Questa sperimentazione è già stata avviata in altre Diocesi italiane. Quali sono i primi risultati?
“La situazione varia da diocesi a diocesi e anche dal modello di sperimentazione che si avviata. Certo, se non c’è il momento iniziale fondamentale, ossia l’anno dell’annuncio del Vangelo, è difficile che ci sia un vero e proprio cambiamento. Non si tratta, ripeto, di cambiare semplicemente alcune date e modalità, ma di pensare in un modo nuovo al “diventare cristiani”.”

Il nuovo progetto affida un ruolo molto importante alla famiglia, come è giusto che sia. Ma è noto che in difficoltà oggi è proprio la famiglia, che non aiuta i bambini nel loro percorso di crescita nella fede. Senza poi considerare che oggi molti bimbi vivono riferimenti parentali disparati. Quali le strade per ovviare a questi problemi?
“Non si può chiedere alla famiglia ciò che non può dare: ad esempio è difficile chiedere ai genitori di fare in modo sistematico la catechesi ai propri figli. Questo è il compito della comunità cristiana; la famiglia lo può fare proprio in quanto piccola Chiesa domestica. La cosa più importante – prima ancora del cammino di iniziazione dei bambini – è far comprendere e sperimentare ai genitori, qualunque situazione essi vivano, che il Vangelo è anche per loro. Non dobbiamo coinvolgere i genitori anzitutto perché ci aiutino nella trasmissione della fede ai bambini, ma proprio in quanto destinatari privilegiati del Vangelo. Se impostiamo il problema così, comprendiamo che tutti, a prescindere dalla loro situazione matrimoniale, hanno il diritto di ascoltare ed eventualmente accogliere la “Bella notizia” sulla loro vita”.

In alcune parrocchie si è manifestato un certo disagio, un’obiezione più pastorale che di contenuto. La difficoltà nasce dal fatto che non è molto ben chiarito il cammino che segue i sacramenti. Considerando le attuali difficoltà che tutti (e non solo le parrocchie) hanno nell’educazione dei preadolescenti non era il caso di fissare prima alcuni paletti certi anche sul dopo iniziazione?
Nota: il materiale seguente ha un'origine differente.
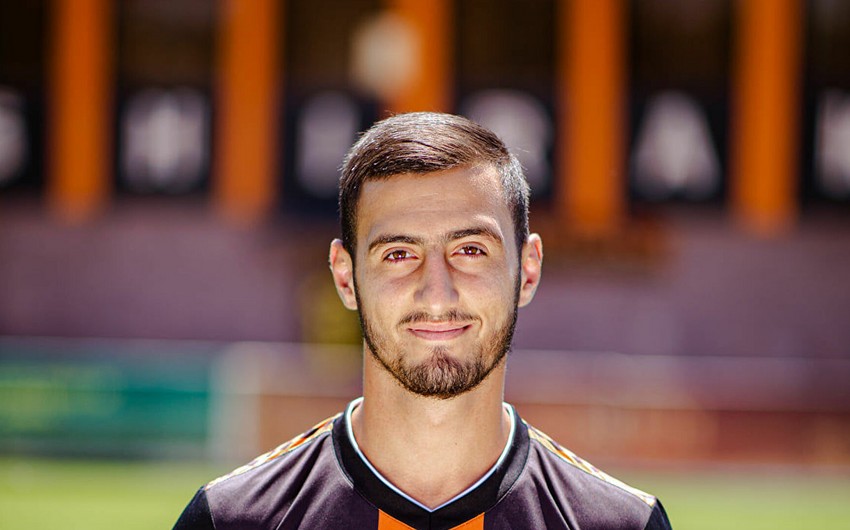 Komada olan erməni futbolçu ölüb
“Non invento nulla se ricordo che paradossalmente per tanti la Cresima è il “sacramento dell’addio”, anziché del maggior inserimento nella comunità cristiana. Molto dipende dalle proposte che si fanno per il “dopo Cresima” e, ancor più, da ciò che si è fatto prima. In altri termini, i ragazzi lasciano la Chiesa o, di fatto, non ci sono mai entrati? Non credo che il problema venga accentuato dall’eventuale anticipo della celebrazione della Cresima e comunque non è giusto piegare strumentalmente un sacramento a finalità pastorali col rischio di stravolgerne il significato.
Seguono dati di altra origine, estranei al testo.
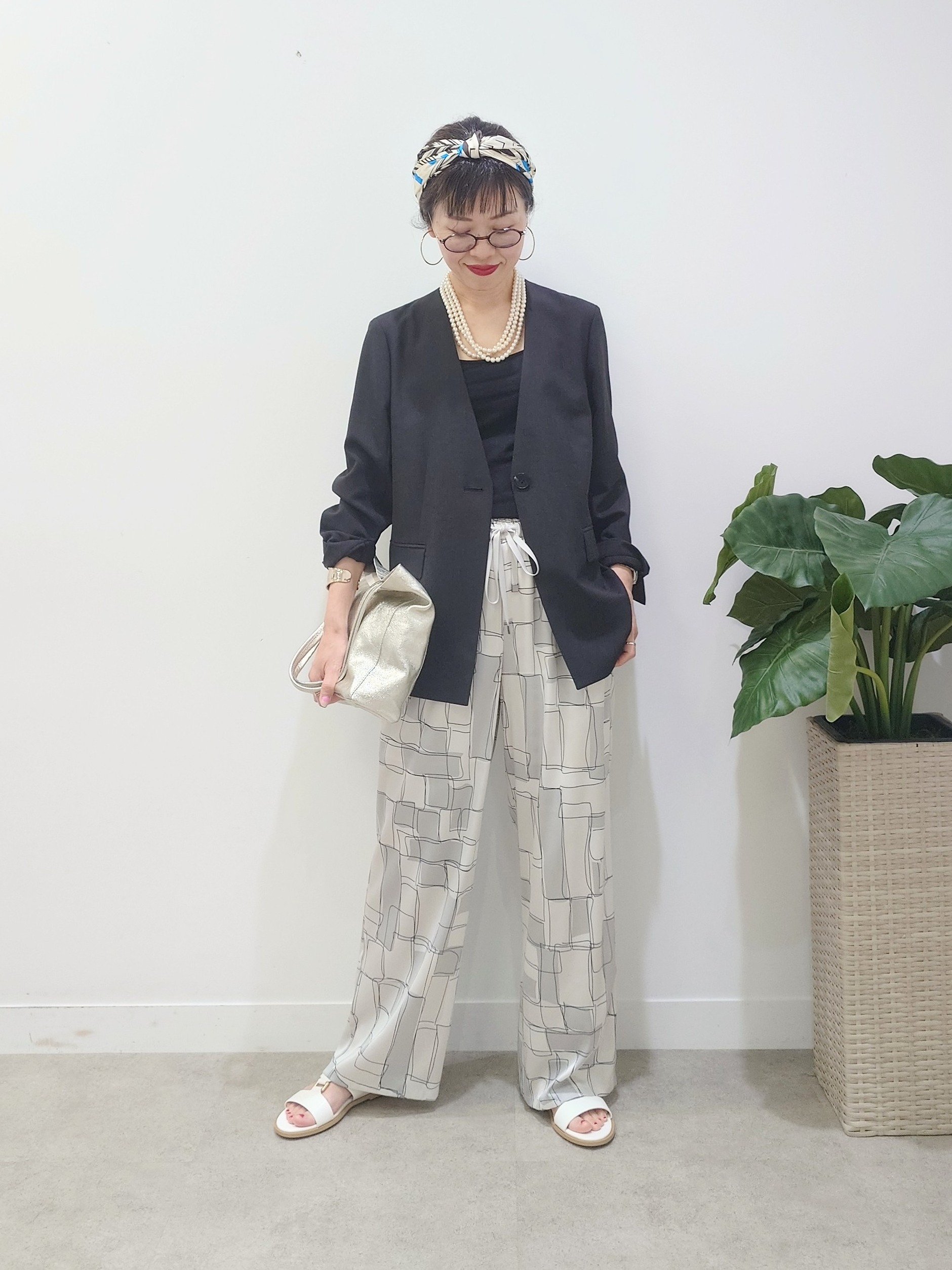 MUTSUKOさんの「UNTITLED｜【さらりと快適/セットアップ可/UV/接触冷感】スラブカラーレスジャケット」を使ったコーディネート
Invece bisogna vivere bene il tempo della preparazione alla vita cristiana (più ancora che al sacramento) e porre le condizioni perché la celebrazione non sia il momento dell’addio, ma dell’esercizio della stessa vita di fede. Nell’antico catecumenato, alla celebrazione dei sacramenti seguiva il momento della cosiddetta “mistagogia”, ossia della scoperta di quanto era stato celebrato e delle conseguenze per la vita. Credo sia questa la strada da percorrere, pensando a itinerari di fede veri e adatti ai preadolescenti per accompagnarli nella vita cristiana dopo la celebrazione dei sacramenti. Su questo stiamo lavorando con l’equipe che segue il progetto dell’iniziazione cristiana. Certamente da ciò che si riuscirà a proporre per questa età difficile dipenderà la riuscita di tutto il progetto. In alcune diocesi la meta finale del periodo della mistagogia è la “professione di fede”, al termine della terza media. Si tratta di una meta pedagogica, ma può essere significativa”.

In conclusione, dobbiamo essere pessimisti o ottimisti?
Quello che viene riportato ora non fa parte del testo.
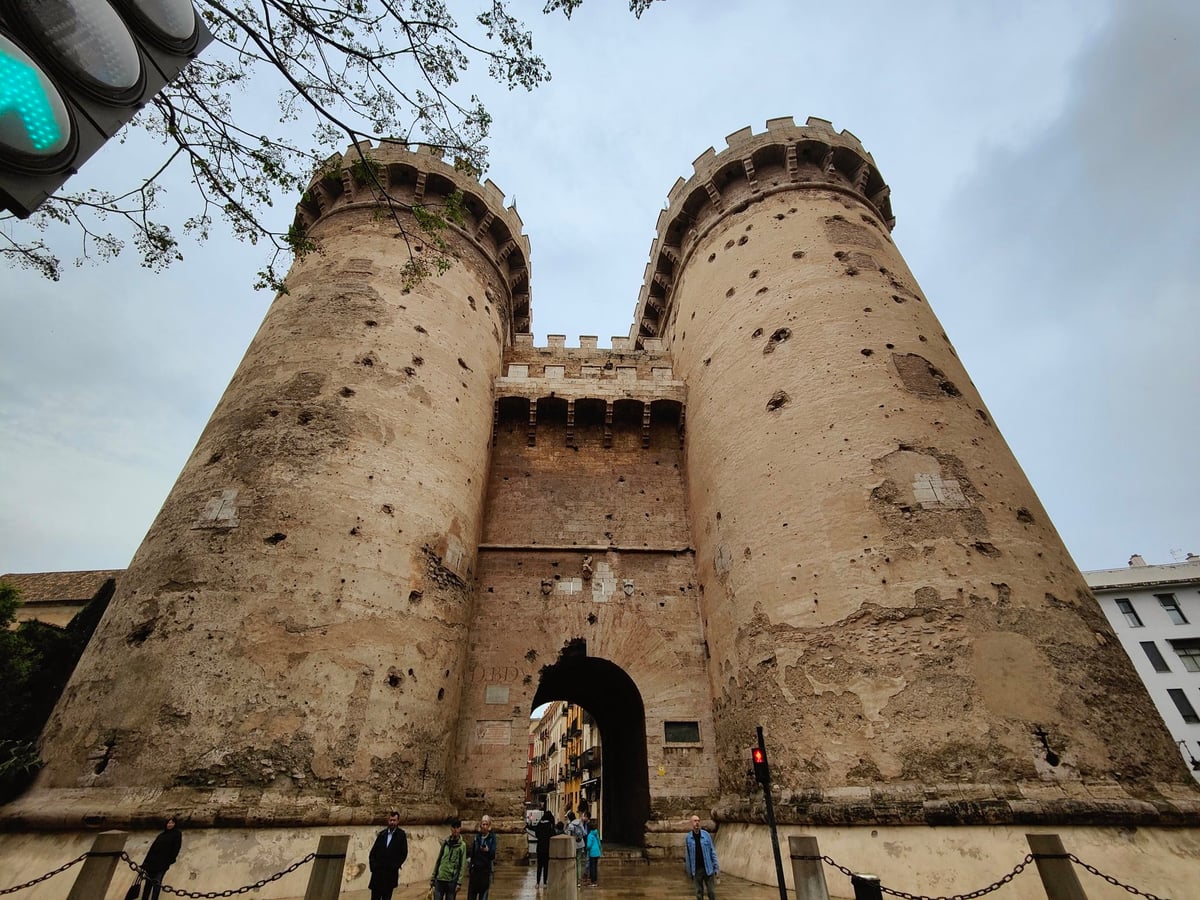 Torres y murallas históricas de Valencia con vistas de la ciudad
“Un cristiano non può mai essere pessimista, perché sa che il Signore guida la Chiesa e lo Spirito soffia sempre su essa. Credo che si debba essere insieme realisti ed ottimisti: ottimisti perché, appunto, a noi spetta fare la nostra parte, lasciando al Signore la sua, che è ben più ampia. Insieme però dobbiamo essere realisti e saper leggere la situazione attuale senza rimpianti per i tempi passati (erano poi davvero migliori di quello che stiamo vivendo?) e senza sconsiderate fughe in avanti, unendo la sapienza e la prudenza di chi fa tesoro della storia all’audacia del profeta che sa guardare il presente e leggere il futuro con gli stessi occhi di Dio”.